Your instructions :: Beginning with the line that holds "Canva free trial" in the data below, give again every line through the one that holds "Clinton Fashion Finish", exactly as written.
START Records for the exercise
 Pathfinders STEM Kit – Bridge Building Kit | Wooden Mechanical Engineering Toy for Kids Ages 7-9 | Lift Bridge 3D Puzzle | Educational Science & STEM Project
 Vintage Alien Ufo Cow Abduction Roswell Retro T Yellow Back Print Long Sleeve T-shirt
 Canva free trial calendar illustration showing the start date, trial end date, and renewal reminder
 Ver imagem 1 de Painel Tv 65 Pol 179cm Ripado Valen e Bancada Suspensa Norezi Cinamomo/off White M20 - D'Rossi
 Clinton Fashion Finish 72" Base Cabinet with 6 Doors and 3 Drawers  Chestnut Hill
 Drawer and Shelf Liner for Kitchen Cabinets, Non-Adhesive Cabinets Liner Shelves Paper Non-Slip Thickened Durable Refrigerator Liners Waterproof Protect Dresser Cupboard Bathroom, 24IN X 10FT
END Records for the exercise
Reply ::
 Canva free trial calendar illustration showing the start date, trial end date, and renewal reminder
 Ver imagem 1 de Painel Tv 65 Pol 179cm Ripado Valen e Bancada Suspensa Norezi Cinamomo/off White M20 - D'Rossi
 Clinton Fashion Finish 72" Base Cabinet with 6 Doors and 3 Drawers  Chestnut Hill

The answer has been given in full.